[Start of Attachment]
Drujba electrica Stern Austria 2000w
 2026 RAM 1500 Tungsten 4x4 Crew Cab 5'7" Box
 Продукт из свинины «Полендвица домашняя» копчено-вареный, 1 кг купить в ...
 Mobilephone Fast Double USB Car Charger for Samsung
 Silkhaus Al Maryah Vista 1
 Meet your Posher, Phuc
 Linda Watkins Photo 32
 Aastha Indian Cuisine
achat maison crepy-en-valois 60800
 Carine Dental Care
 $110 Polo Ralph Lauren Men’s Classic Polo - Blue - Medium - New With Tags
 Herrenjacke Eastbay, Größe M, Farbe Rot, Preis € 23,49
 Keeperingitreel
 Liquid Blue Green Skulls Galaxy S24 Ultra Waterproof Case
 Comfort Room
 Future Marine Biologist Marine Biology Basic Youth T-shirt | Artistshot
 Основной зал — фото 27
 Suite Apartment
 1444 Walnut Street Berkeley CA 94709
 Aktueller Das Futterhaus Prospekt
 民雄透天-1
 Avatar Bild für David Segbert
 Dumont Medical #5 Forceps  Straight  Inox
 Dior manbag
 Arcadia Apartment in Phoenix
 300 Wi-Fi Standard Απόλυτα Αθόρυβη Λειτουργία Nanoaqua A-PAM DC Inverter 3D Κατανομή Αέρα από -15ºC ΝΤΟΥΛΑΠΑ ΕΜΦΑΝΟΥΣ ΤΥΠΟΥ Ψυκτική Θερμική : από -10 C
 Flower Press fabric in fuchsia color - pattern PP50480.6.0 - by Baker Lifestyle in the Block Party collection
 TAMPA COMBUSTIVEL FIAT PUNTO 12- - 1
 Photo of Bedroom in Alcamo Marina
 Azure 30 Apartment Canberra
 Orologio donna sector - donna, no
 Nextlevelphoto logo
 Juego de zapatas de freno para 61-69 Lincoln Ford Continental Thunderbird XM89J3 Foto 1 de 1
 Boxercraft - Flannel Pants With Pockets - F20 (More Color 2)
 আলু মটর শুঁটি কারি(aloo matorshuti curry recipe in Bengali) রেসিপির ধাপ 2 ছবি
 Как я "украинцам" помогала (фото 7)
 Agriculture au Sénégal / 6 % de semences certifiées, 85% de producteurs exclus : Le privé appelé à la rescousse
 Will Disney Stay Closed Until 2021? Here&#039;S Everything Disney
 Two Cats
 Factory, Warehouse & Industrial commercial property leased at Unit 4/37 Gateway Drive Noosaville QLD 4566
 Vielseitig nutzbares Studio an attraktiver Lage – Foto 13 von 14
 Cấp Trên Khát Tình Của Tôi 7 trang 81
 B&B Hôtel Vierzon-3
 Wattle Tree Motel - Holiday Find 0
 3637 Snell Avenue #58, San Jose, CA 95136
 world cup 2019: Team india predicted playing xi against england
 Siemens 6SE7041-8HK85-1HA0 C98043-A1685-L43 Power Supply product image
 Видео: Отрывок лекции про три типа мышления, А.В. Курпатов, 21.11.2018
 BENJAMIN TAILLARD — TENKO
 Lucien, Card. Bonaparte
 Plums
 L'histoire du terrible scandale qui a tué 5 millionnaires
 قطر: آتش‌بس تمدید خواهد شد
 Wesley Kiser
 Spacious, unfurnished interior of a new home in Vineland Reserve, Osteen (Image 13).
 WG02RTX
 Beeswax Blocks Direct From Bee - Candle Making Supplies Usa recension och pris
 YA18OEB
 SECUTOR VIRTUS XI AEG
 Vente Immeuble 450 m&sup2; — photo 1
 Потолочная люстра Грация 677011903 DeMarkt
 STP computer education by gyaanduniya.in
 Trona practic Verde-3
[End of Attachment]
[Assignment]
The full listing needs to be output again, exactly as it reads.

[Problem solution]
Drujba electrica Stern Austria 2000w
 2026 RAM 1500 Tungsten 4x4 Crew Cab 5'7" Box
 Продукт из свинины «Полендвица домашняя» копчено-вареный, 1 кг купить в ...
 Mobilephone Fast Double USB Car Charger for Samsung
 Silkhaus Al Maryah Vista 1
 Meet your Posher, Phuc
 Linda Watkins Photo 32
 Aastha Indian Cuisine
achat maison crepy-en-valois 60800
 Carine Dental Care
 $110 Polo Ralph Lauren Men’s Classic Polo - Blue - Medium - New With Tags
 Herrenjacke Eastbay, Größe M, Farbe Rot, Preis € 23,49
 Keeperingitreel
 Liquid Blue Green Skulls Galaxy S24 Ultra Waterproof Case
 Comfort Room
 Future Marine Biologist Marine Biology Basic Youth T-shirt | Artistshot
 Основной зал — фото 27
 Suite Apartment
 1444 Walnut Street Berkeley CA 94709
 Aktueller Das Futterhaus Prospekt
 民雄透天-1
 Avatar Bild für David Segbert
 Dumont Medical #5 Forceps  Straight  Inox
 Dior manbag
 Arcadia Apartment in Phoenix
 300 Wi-Fi Standard Απόλυτα Αθόρυβη Λειτουργία Nanoaqua A-PAM DC Inverter 3D Κατανομή Αέρα από -15ºC ΝΤΟΥΛΑΠΑ ΕΜΦΑΝΟΥΣ ΤΥΠΟΥ Ψυκτική Θερμική : από -10 C
 Flower Press fabric in fuchsia color - pattern PP50480.6.0 - by Baker Lifestyle in the Block Party collection
 TAMPA COMBUSTIVEL FIAT PUNTO 12- - 1
 Photo of Bedroom in Alcamo Marina
 Azure 30 Apartment Canberra
 Orologio donna sector - donna, no
 Nextlevelphoto logo
 Juego de zapatas de freno para 61-69 Lincoln Ford Continental Thunderbird XM89J3 Foto 1 de 1
 Boxercraft - Flannel Pants With Pockets - F20 (More Color 2)
 আলু মটর শুঁটি কারি(aloo matorshuti curry recipe in Bengali) রেসিপির ধাপ 2 ছবি
 Как я "украинцам" помогала (фото 7)
 Agriculture au Sénégal / 6 % de semences certifiées, 85% de producteurs exclus : Le privé appelé à la rescousse
 Will Disney Stay Closed Until 2021? Here&#039;S Everything Disney
 Two Cats
 Factory, Warehouse & Industrial commercial property leased at Unit 4/37 Gateway Drive Noosaville QLD 4566
 Vielseitig nutzbares Studio an attraktiver Lage – Foto 13 von 14
 Cấp Trên Khát Tình Của Tôi 7 trang 81
 B&B Hôtel Vierzon-3
 Wattle Tree Motel - Holiday Find 0
 3637 Snell Avenue #58, San Jose, CA 95136
 world cup 2019: Team india predicted playing xi against england
 Siemens 6SE7041-8HK85-1HA0 C98043-A1685-L43 Power Supply product image
 Видео: Отрывок лекции про три типа мышления, А.В. Курпатов, 21.11.2018
 BENJAMIN TAILLARD — TENKO
 Lucien, Card. Bonaparte
 Plums
 L'histoire du terrible scandale qui a tué 5 millionnaires
 قطر: آتش‌بس تمدید خواهد شد
 Wesley Kiser
 Spacious, unfurnished interior of a new home in Vineland Reserve, Osteen (Image 13).
 WG02RTX
 Beeswax Blocks Direct From Bee - Candle Making Supplies Usa recension och pris
 YA18OEB
 SECUTOR VIRTUS XI AEG
 Vente Immeuble 450 m&sup2; — photo 1
 Потолочная люстра Грация 677011903 DeMarkt
 STP computer education by gyaanduniya.in
 Trona practic Verde-3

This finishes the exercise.